Aaron Alexis and the war on standards

We often hear from the left that our criminal justice system is broken. Part of what the left, including our Attorney General, means by this is that too many people are in jail, especially too many Blacks.

I take no position in this post about that claim. But in the case of Aaron Alexis — the Navy Yard mass murderer — it looks like the criminal justice system’s breakdown consists of its failure to incarcerate.

According to reports, Alexis was arrested in Seattle in 2004 for shooting out the tires of a parked car. Apparently, he did so in a rage because he felt two construction workers had disrespected him.

The Seattle police said today that it referred Alexis’ case to the Seattle Municipal Court for charges of property damage and discharge of a firearm. But there’s no indication that Alexis was ever prosecuted. And a spokesperson for the Seattle City Attorney’s Office claims that it never received the report from police and so did not review the matter for possible charges.

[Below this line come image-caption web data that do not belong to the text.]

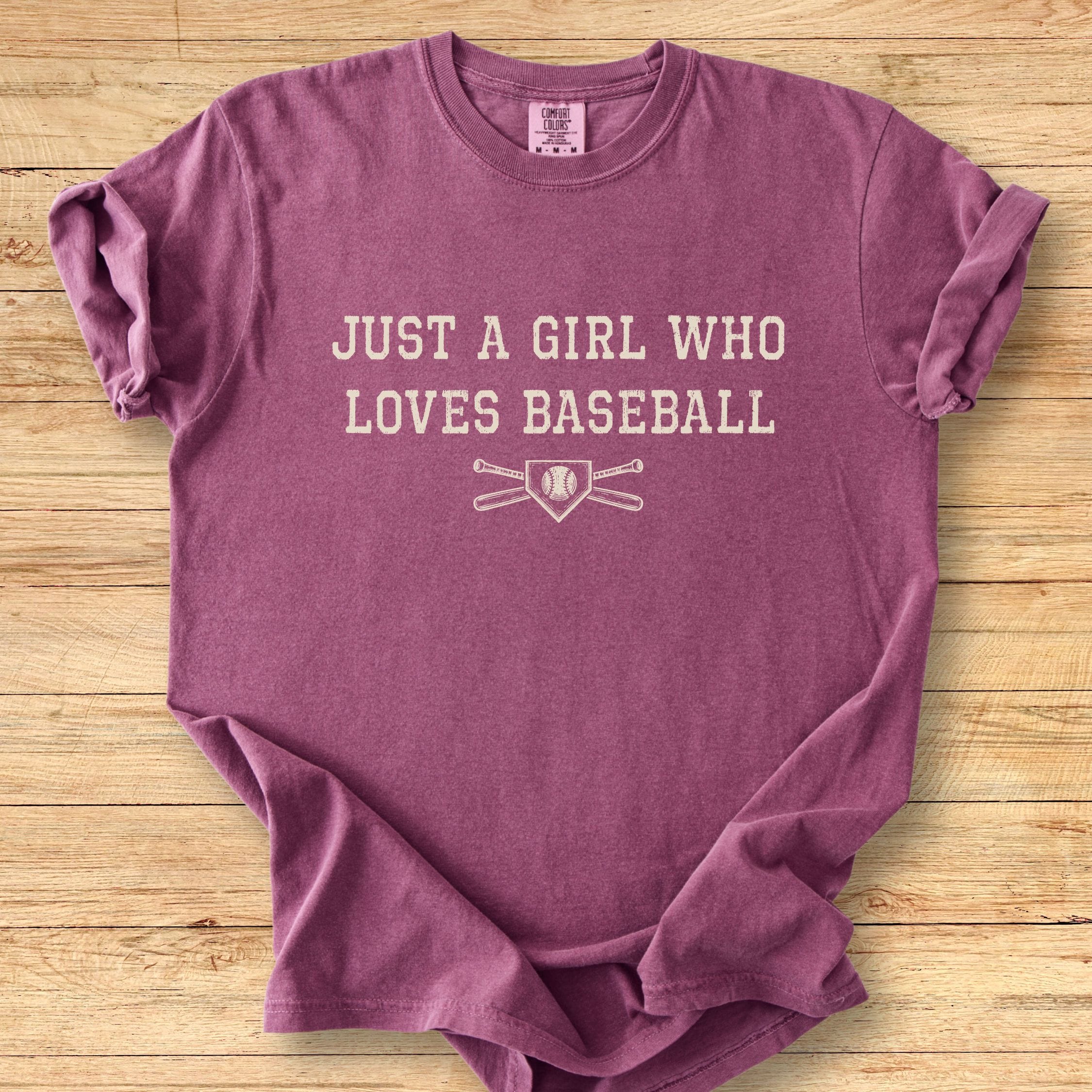 Just a Girl Baseball Premium Tee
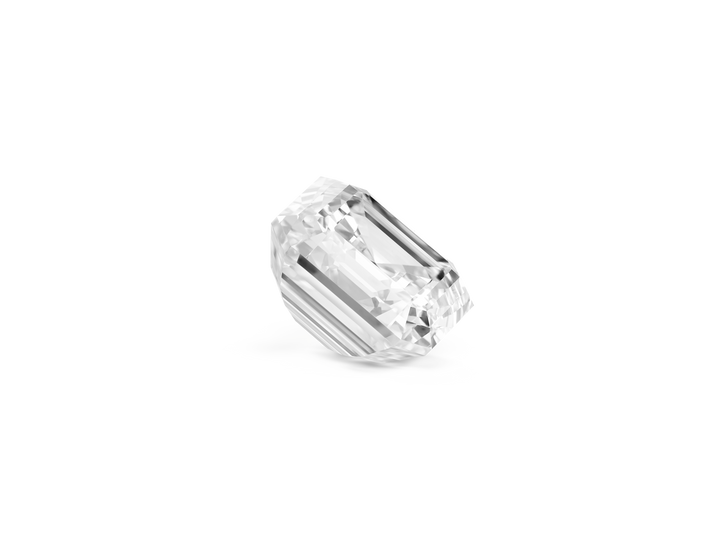 Lab-Grown Loose 3ct. Asscher Cut Diamond | White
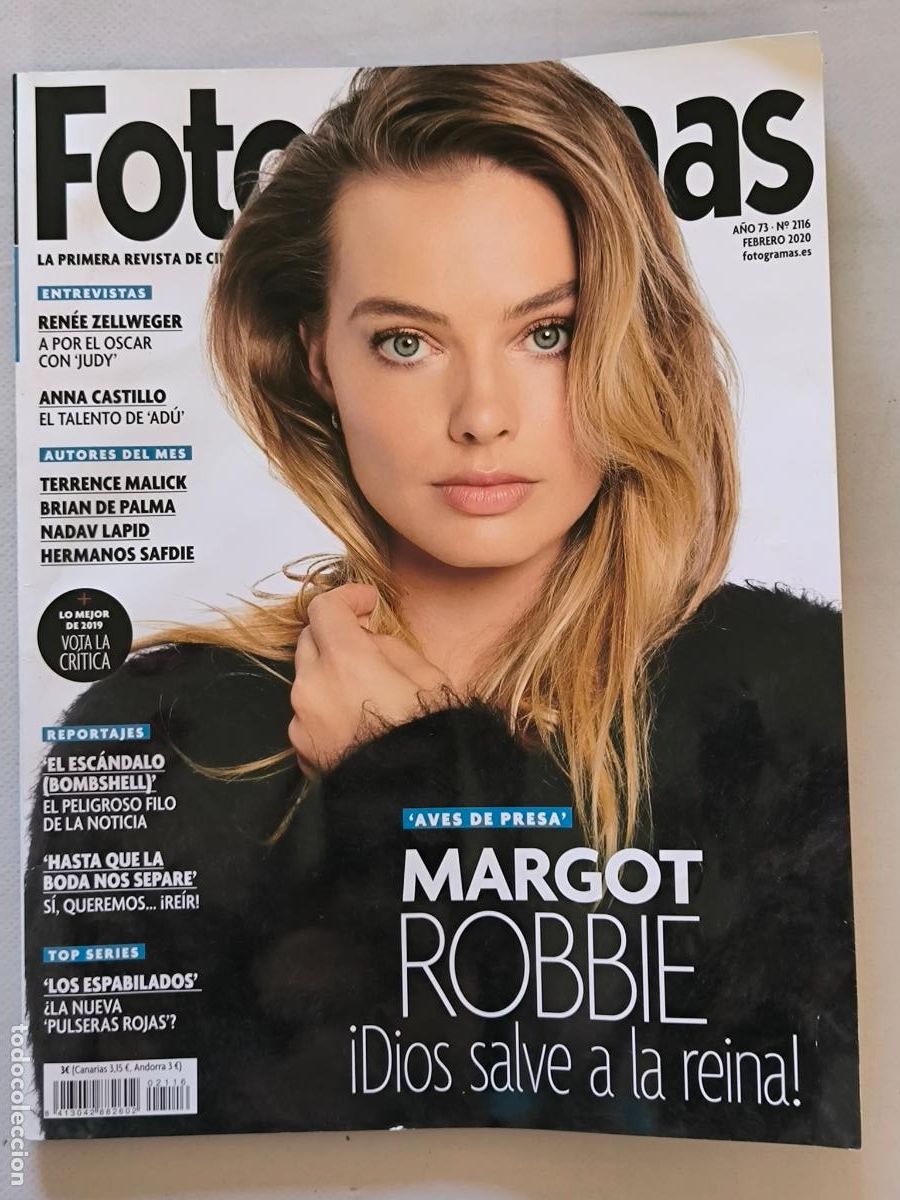Cine: FOTOGRAMAS N&ordm; 2116 - FEBRERO 2020 - MARGOT ROBBIE / AVES DE PRESA (C3)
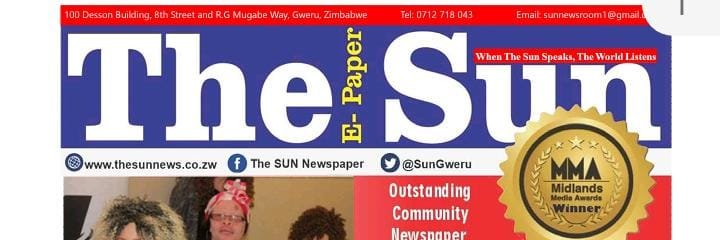 The Sun Newspaper (Gweru) banner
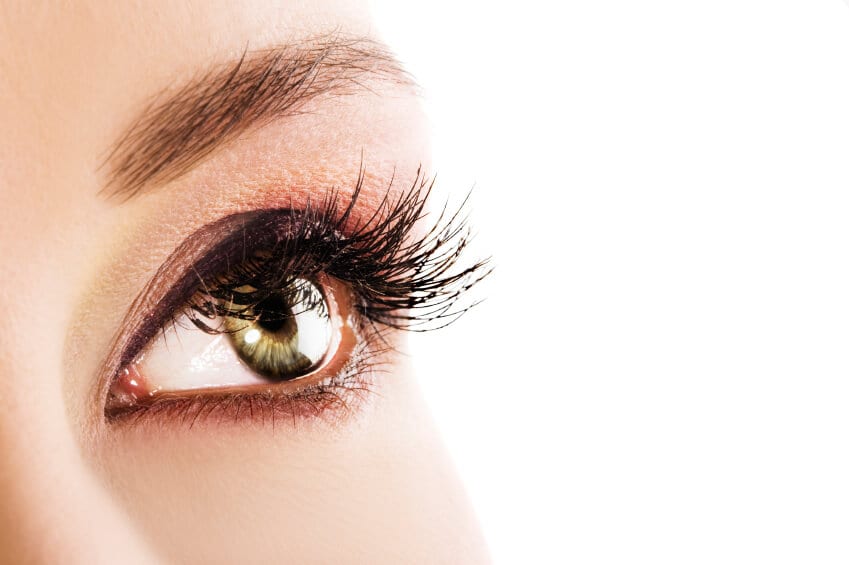 Woman's eye closeup
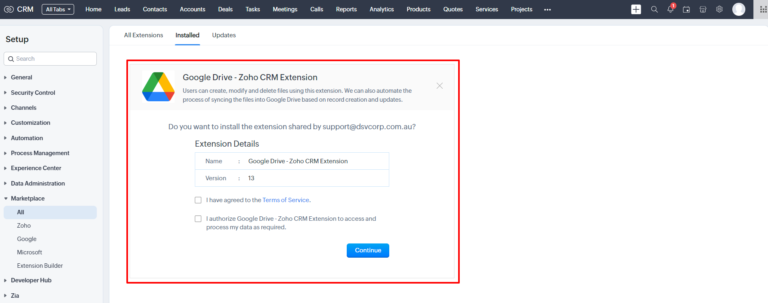 Help Documentation Google Drive - DSV Corporation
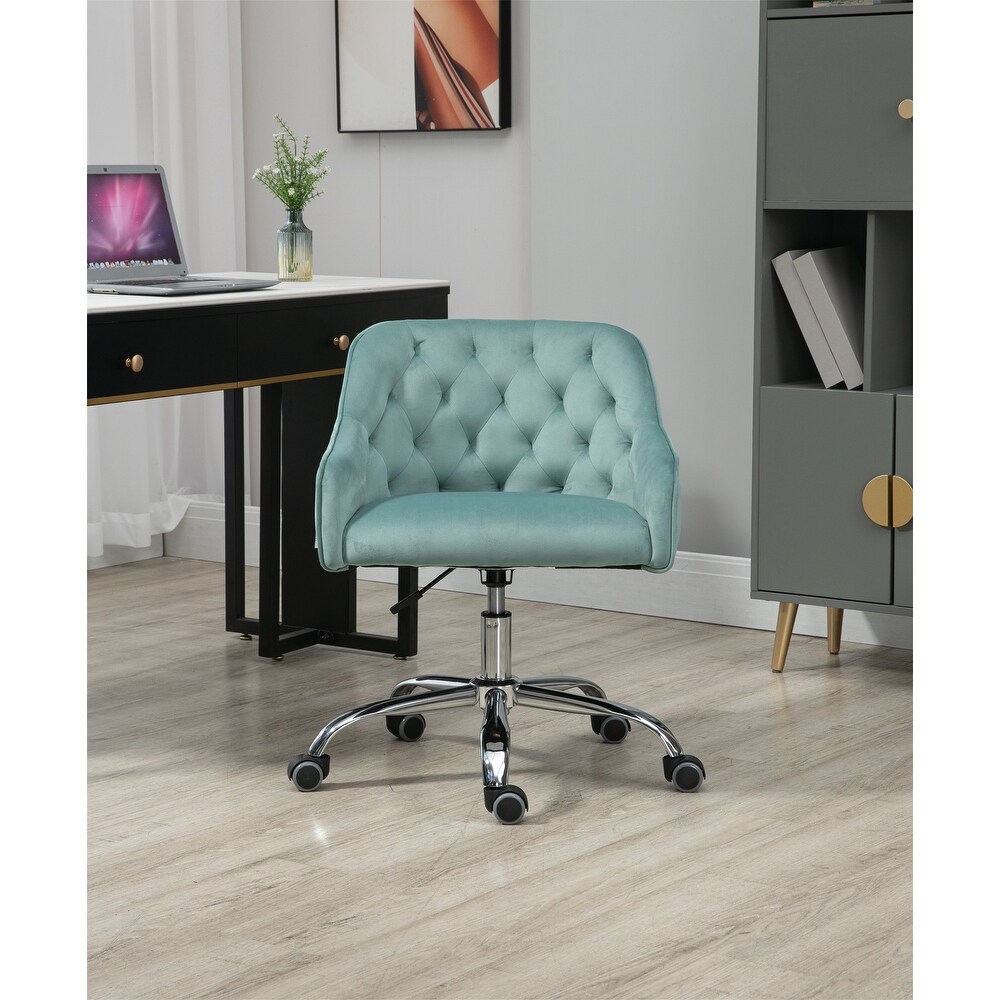 Swivel Shell Chair for Living Room Modern Leisure office Chair   22.83\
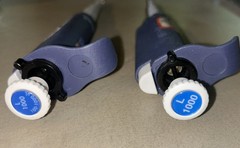 *QTY 2* Rainin L-1000 Pipet Lite ~ LTS 100-1000ul LTS ~ Single Channel. 1C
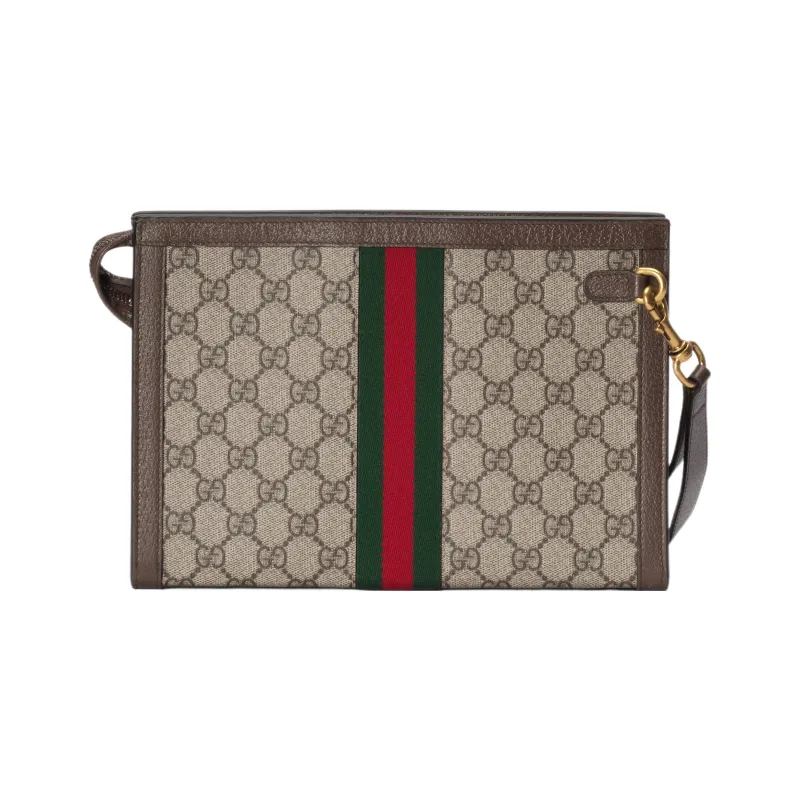 GUCCI Ophidia Canvas Canvas Bag Clutches Regular Men's Ebony/Brown-3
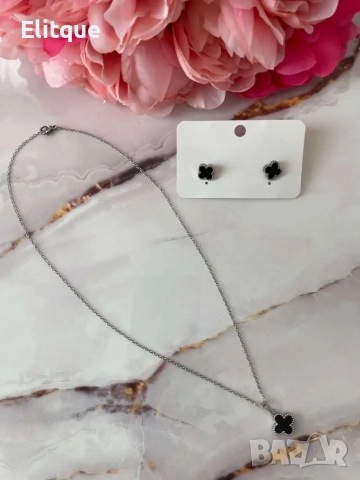 колие и обеци от неръждаема стомана , снимка 2 - Бижутерийни комплекти - 52854330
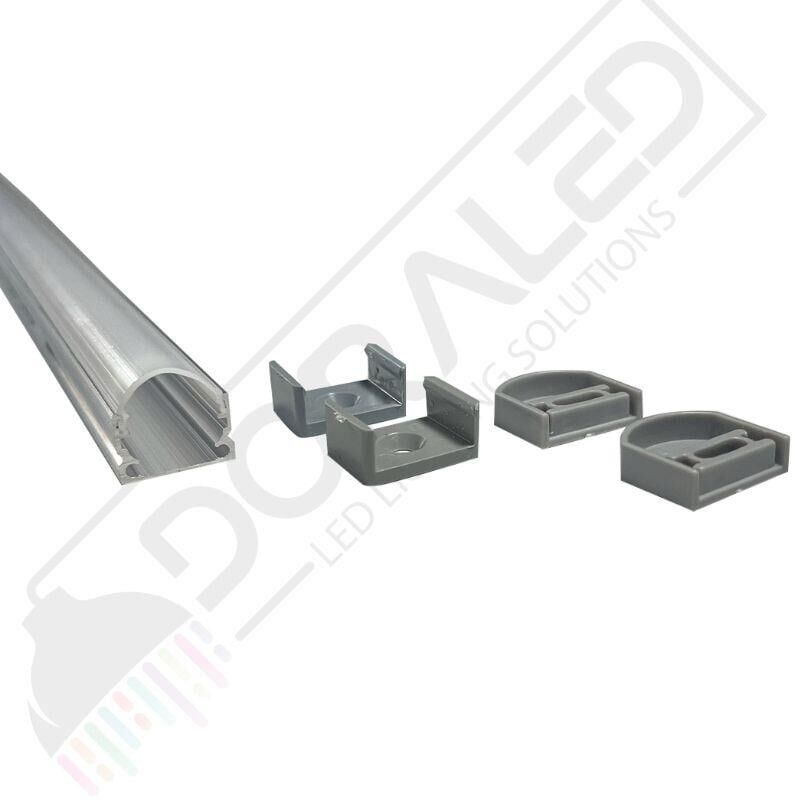 Alüminyum Boş Kasa Led Profil Yerli Kasa Opak Cam 200Cm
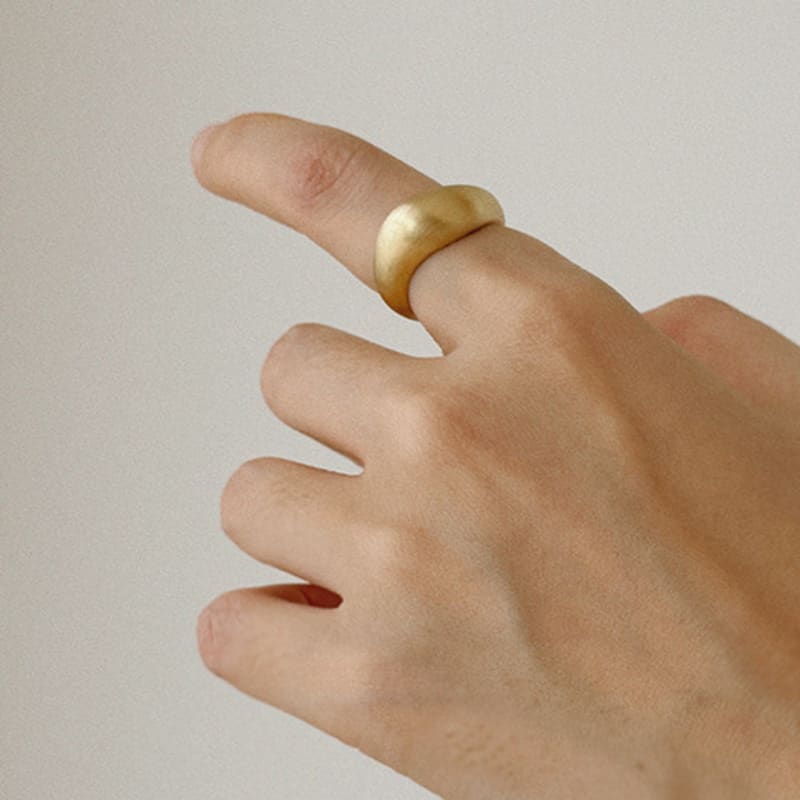 oar [Silver925] oar Cloud Volume Ring [Matte Gold]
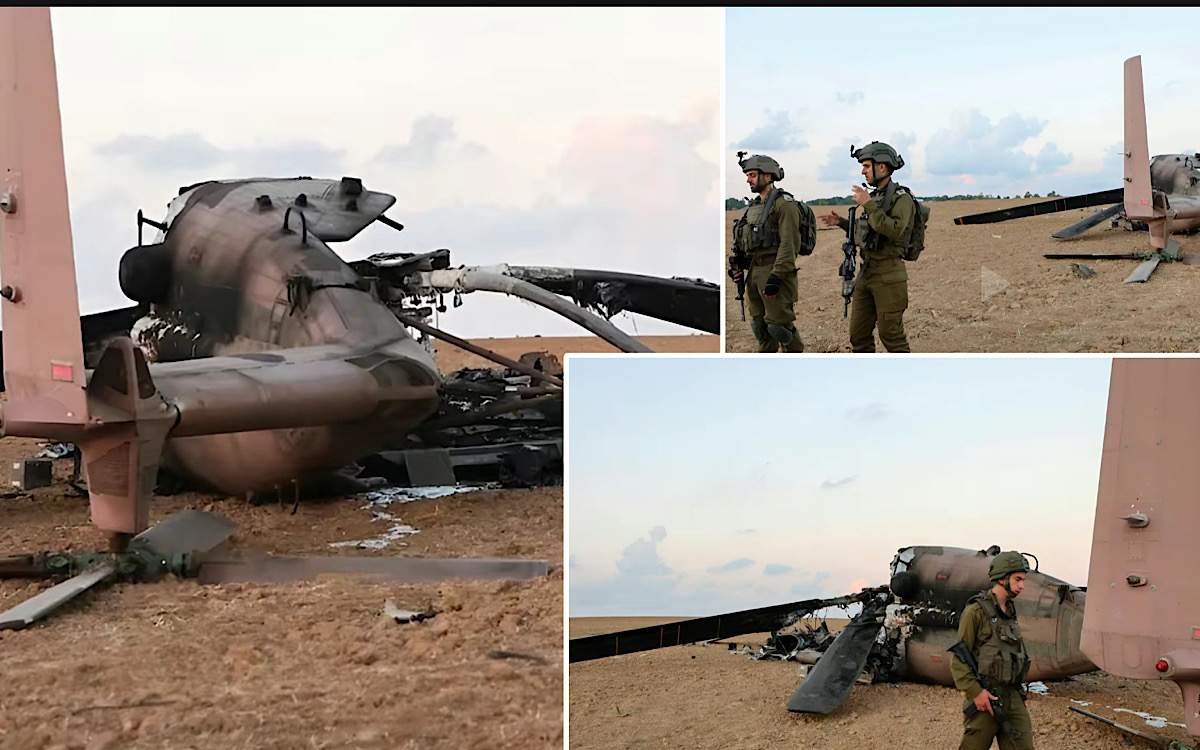 Penampakkan Puing Helikopter Pengangkut 50 Pasukan Israel Bocor, Heli CH-53 Hancur Diterjang Roket Hamas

If Alexis had been prosecuted and convicted, I don’t know that he would have gone to jail. But in a healthy, properly functioning society, he would have served time. And he certainly wouldn’t have walked due to faulty paperwork.

But let’s take Alexis’ situation one step further. If Alexis been convicted of discharging a firearm in public, prospective employers who conduct background checks (including, presumably, the Navy) would likely have learned of the conviction. Given the obvious threat posed by someone who shoots guns at cars because he feels disrespected, rational employers would have refused to hire Alexis.

But the civil rights community and the EEOC are inclined to sue employers whose criminal background check policies exclude black applicants in disproportionate numbers, which most such policies do. As an African-American, Alexis could have been a plaintiff in a private suit or a claimant in a government suit.

To be sure, employers can defend these suits by proving (the burden is on the employer) that excluding the plaintiffs or claimants was justified by “business necessity.” And it’s possible that the EEOC might accept a business necessity defense in the case of someone who shot the tires out of a car because he was angry.

But in analyzing the business necessity defense, the EEOC takes into account (reasonably enough in the case of many crimes) how long ago the conviction occurred. Based on my experience litigating against the EEOC in this area, I doubt that the EEOC would accept a business necessity defense for the exclusion of Alexis based on a conviction for property damage and discharging a firearm that was nine years old.

Yet the ongoing risk of hiring someone who acted the way Alexis did in 2004 is clear today for all the world to see.

Standards may be inconvenient, but many of them exist for our protection. Unfortunately, it is often just these standards that the left attacks.

UPDATE: Am I saying that someone in Alexis’ position [i.e., with the criminal conviction he ought to have picked up in 2004] should never be employed for the rest of his life? No, not necessarily. I’m saying that employers should be permitted to assess the extent to which such an individual poses an undue risk, hire him or reject him accordingly, and not have to worry about being sued for race discrimination if they reject him due to his prior conviction.